* [Directions for this task] Pictures are not repeated. Every line from the beginning of the entries through the one with "تحميل الرسوم الدراسية" is restated exactly.

Scraped caption text data:
..............................

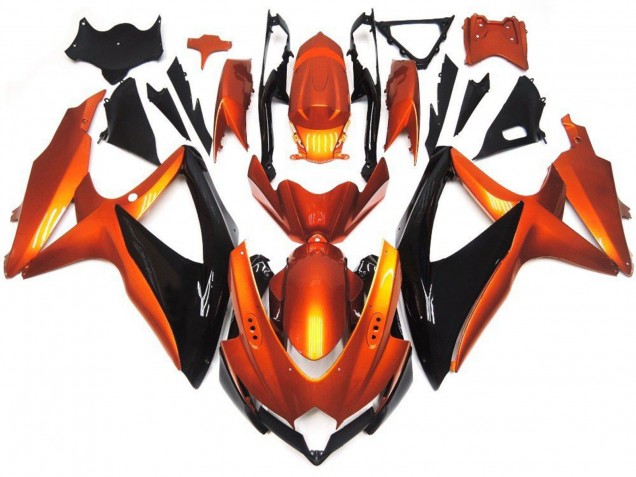 Billigste Suzuki GSXR 600 / GSXR 750 Motorrad Verkleidung 2008-2010 - Orange Schwarz
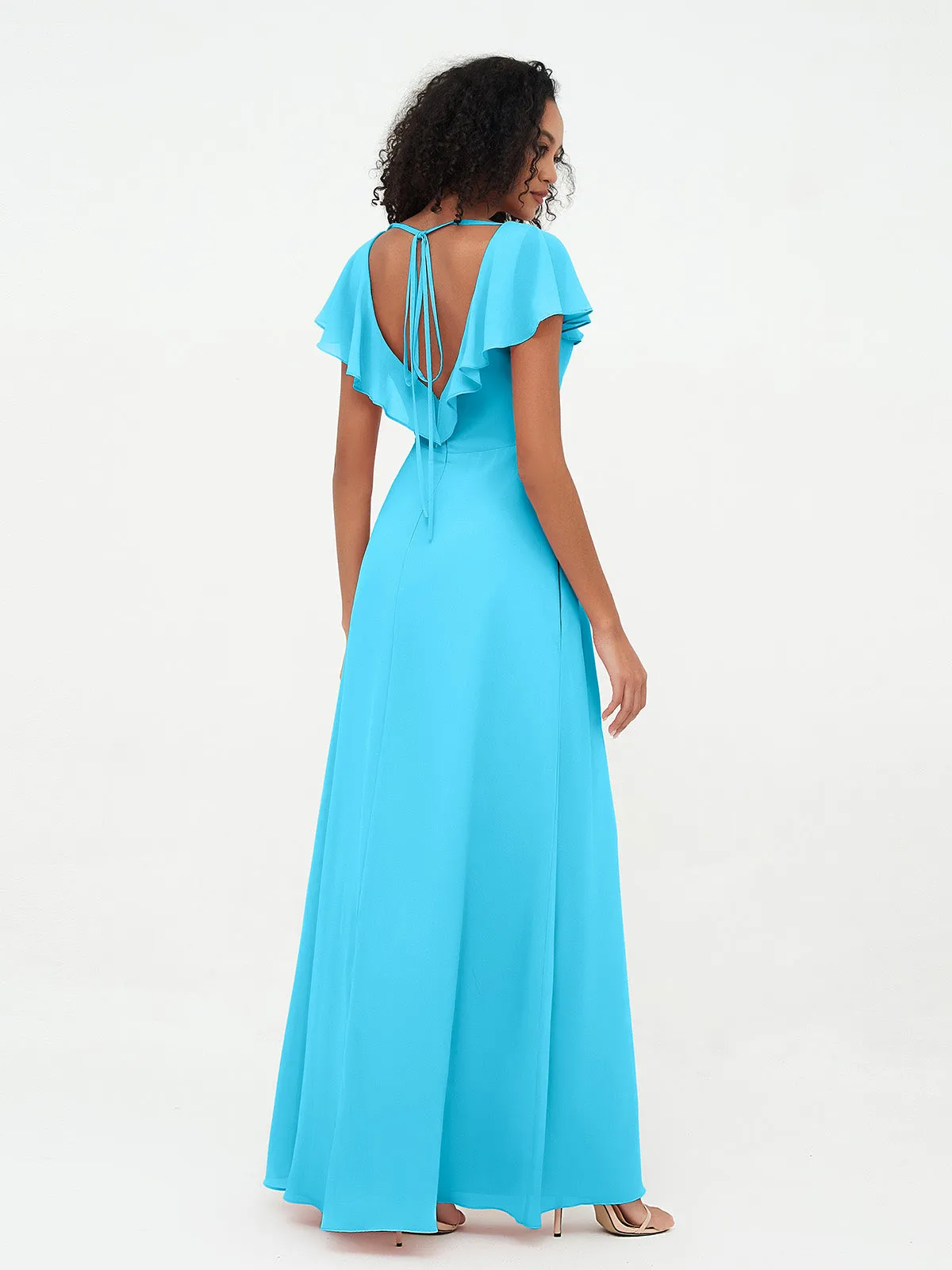 A-line V-neck Chiffon Dresses with Pockets-Pool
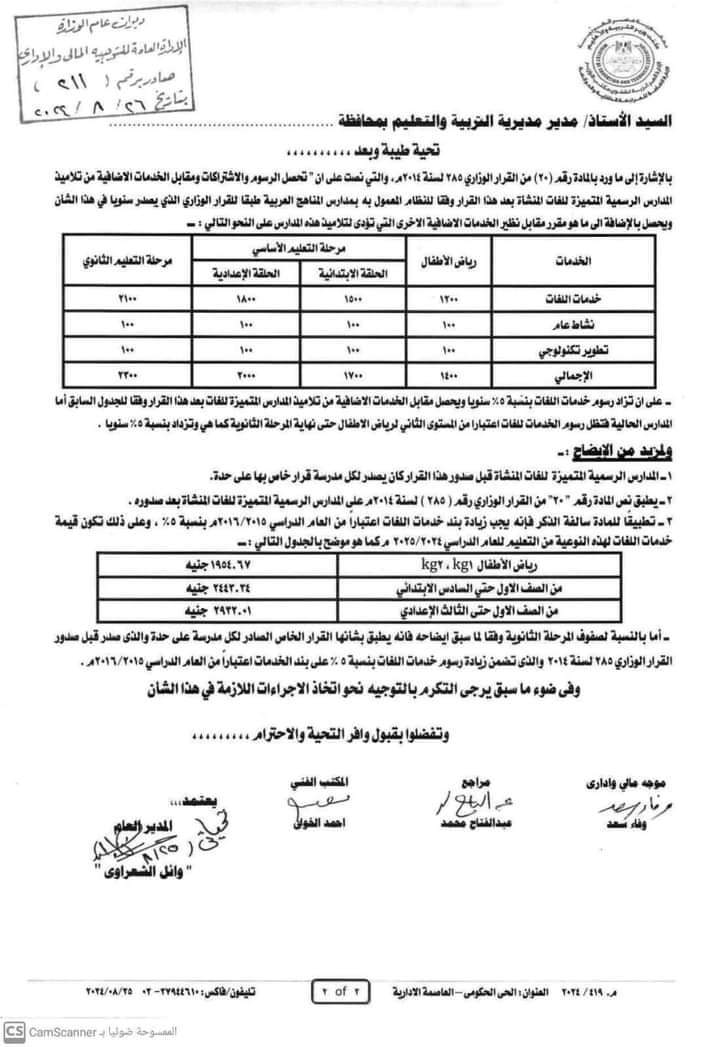 تحميل الرسوم الدراسية ومقابل الخدمات للمدارس الرسمية للغات والمدارس الرسمية المتميزة للغات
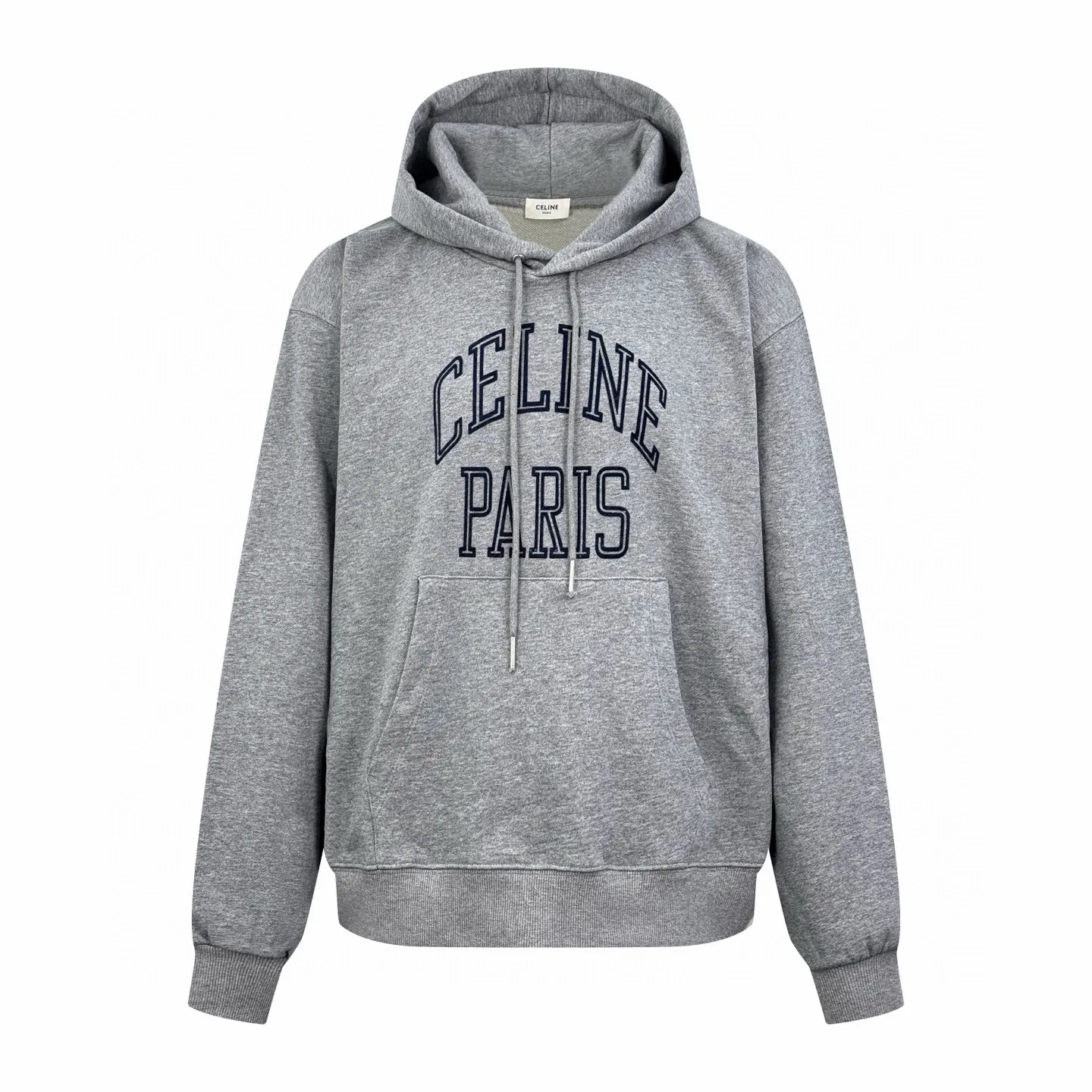 🅿️420 [Exclusive supply] Celine flocked letter hooded sweatshirt. The original version was purchased for 93,00 and developed. The fabric is made of custom-dyed heather gray moire cotton sweatshirt material. It has a fine texture and is comfortable and close to the skin. It is based on heather gray. It is low-key and rich in content. CELINE PARIS uses flocking technology to emerge three-dimensionally. The flocking is as delicate as velvet. It uses the dropped shoulder micro-profile as the skeleton and is precisely stuck at the golden point of laziness and procrastination. Every step brings dynamic beauty, turning tailoring into space art. Defining elegance with design, using electrostatic flocking technology. An innovative process that utilizes charge characteristics for surface decoration. The villi are negatively charged, and the villi are attracted by the plant body due to the different potentials. They accelerate vertically and fly to the surface of the object. They are washed first, then flocked, and then washed again. Through the combination of multiple washing and flocking processes, the textiles can obtain a delicate touch and unique appearance while ensuring firm flocking. It does not shed lint when washed, and the fabrics have been washed, giving it a better hand feel and texture. It is not easy to deform, shrink or fade, and maintains long-term beauty. Size:S-M-L-XL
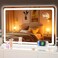 Hasipu Vanity Mirror with Lights, 31.5" x 20" LED Makeup Mirror, Lighted Makeup Mirror with Dimmable 3 Modes, Touch Screen Control Vanity Mirror Round White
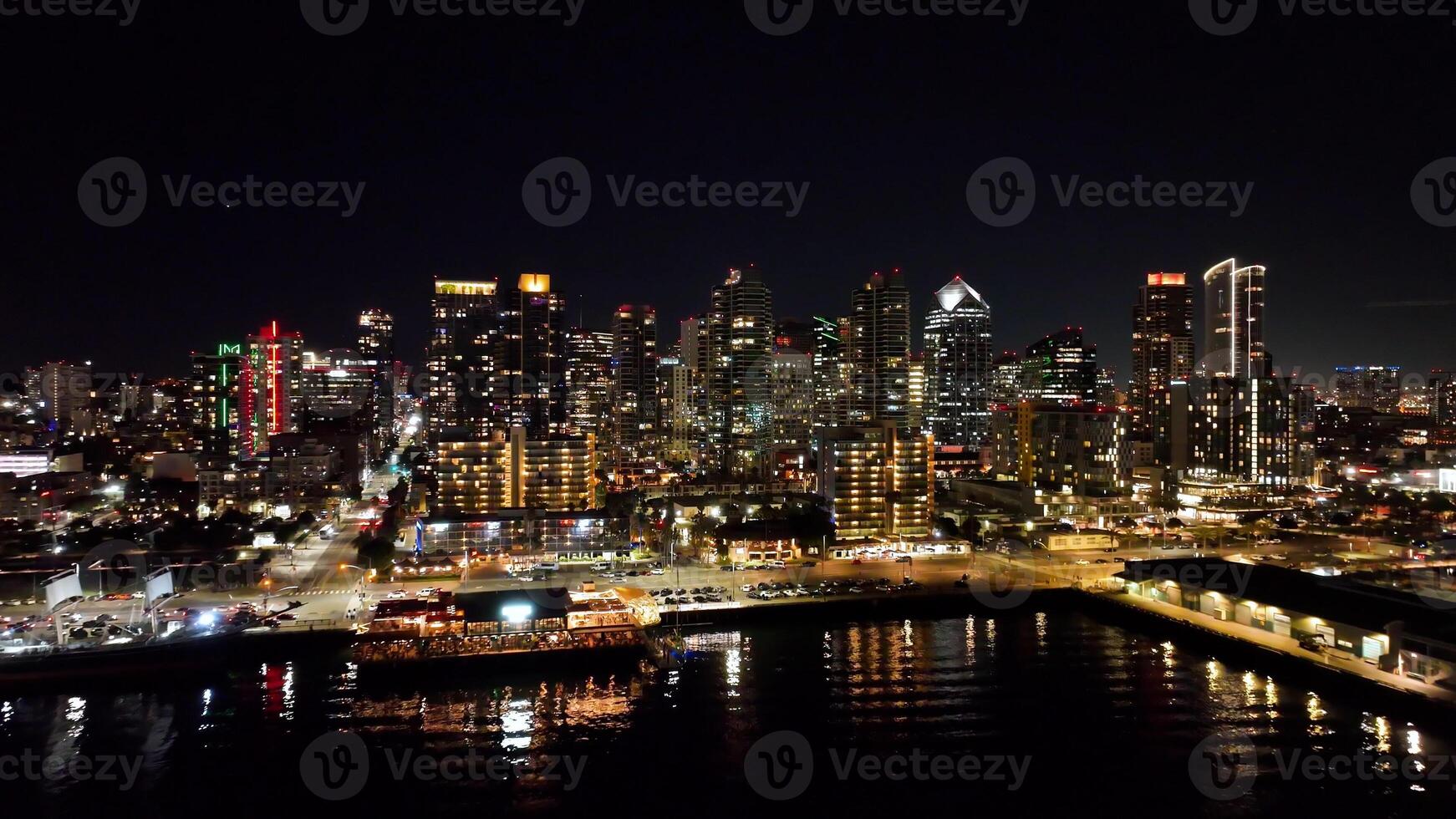 Awesome San Diego Skyline at San Diego California in United States. Evening Skyscrapers. photo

..............................

* [Response box]
 Billigste Suzuki GSXR 600 / GSXR 750 Motorrad Verkleidung 2008-2010 - Orange Schwarz
 A-line V-neck Chiffon Dresses with Pockets-Pool
 تحميل الرسوم الدراسية ومقابل الخدمات للمدارس الرسمية للغات والمدارس الرسمية المتميزة للغات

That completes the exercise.